→ **Recorded data**:
|---|

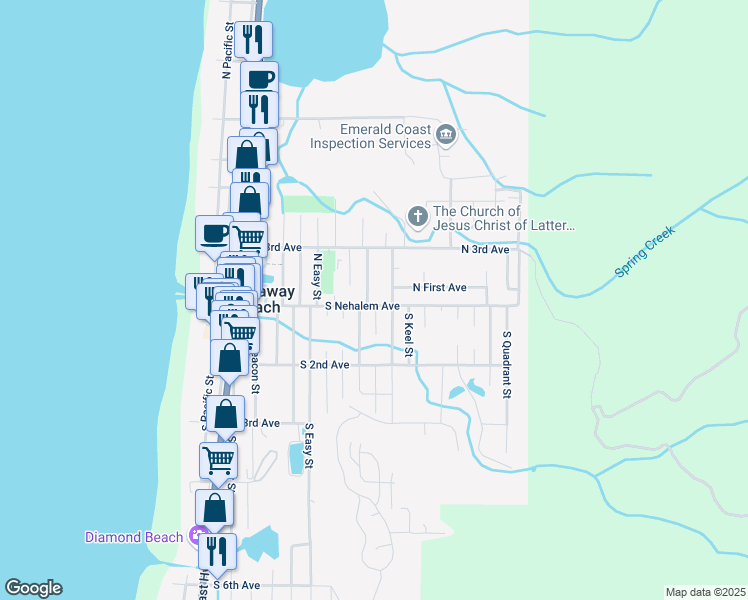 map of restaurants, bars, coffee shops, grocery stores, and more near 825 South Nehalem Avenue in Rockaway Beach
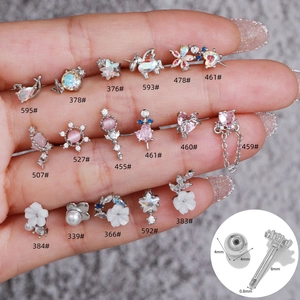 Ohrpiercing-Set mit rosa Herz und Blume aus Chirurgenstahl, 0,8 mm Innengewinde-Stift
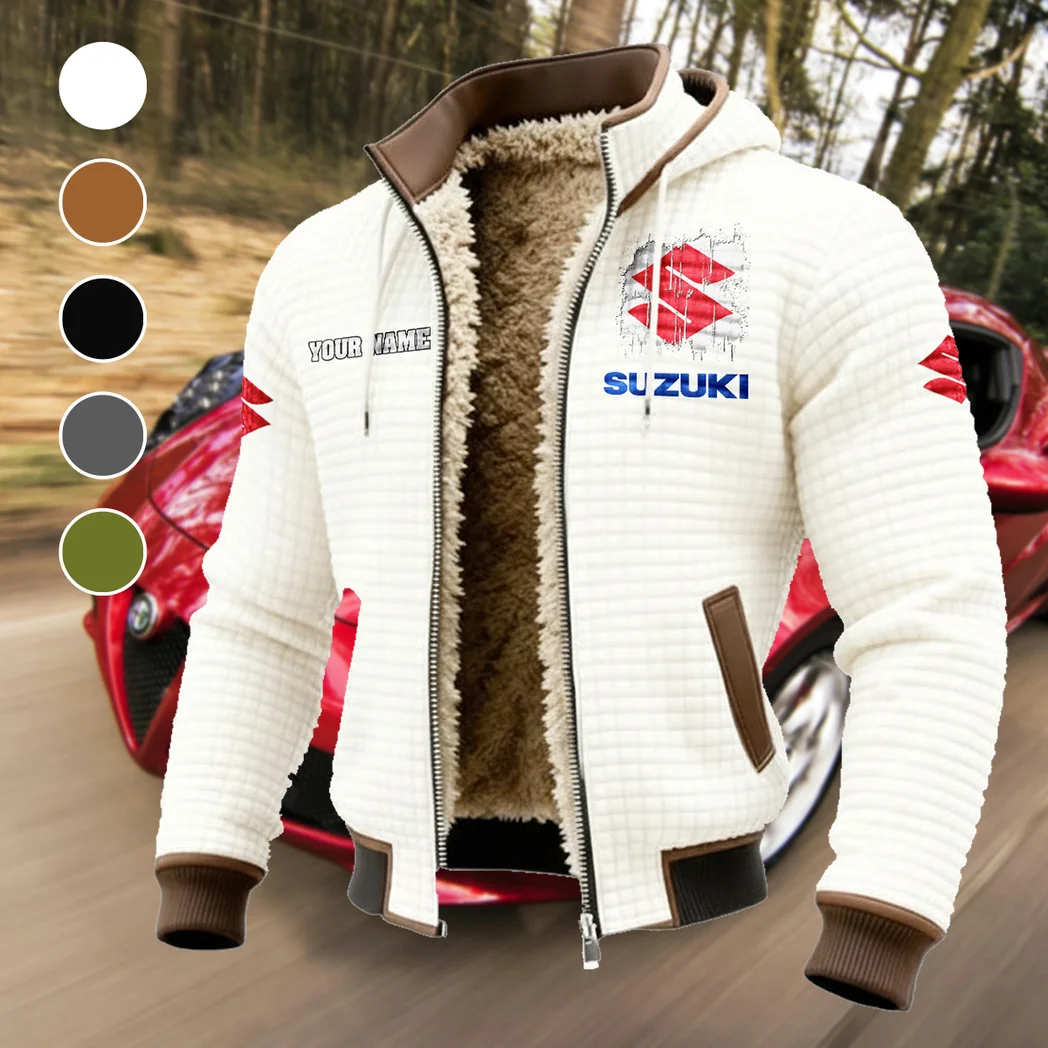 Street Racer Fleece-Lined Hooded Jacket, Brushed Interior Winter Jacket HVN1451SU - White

|---|

→ **Aim of the exercise**:
An exact copy of the material above is required, minus its images.

→ **Written answer**:
 map of restaurants, bars, coffee shops, grocery stores, and more near 825 South Nehalem Avenue in Rockaway Beach
 Ohrpiercing-Set mit rosa Herz und Blume aus Chirurgenstahl, 0,8 mm Innengewinde-Stift
 Street Racer Fleece-Lined Hooded Jacket, Brushed Interior Winter Jacket HVN1451SU - White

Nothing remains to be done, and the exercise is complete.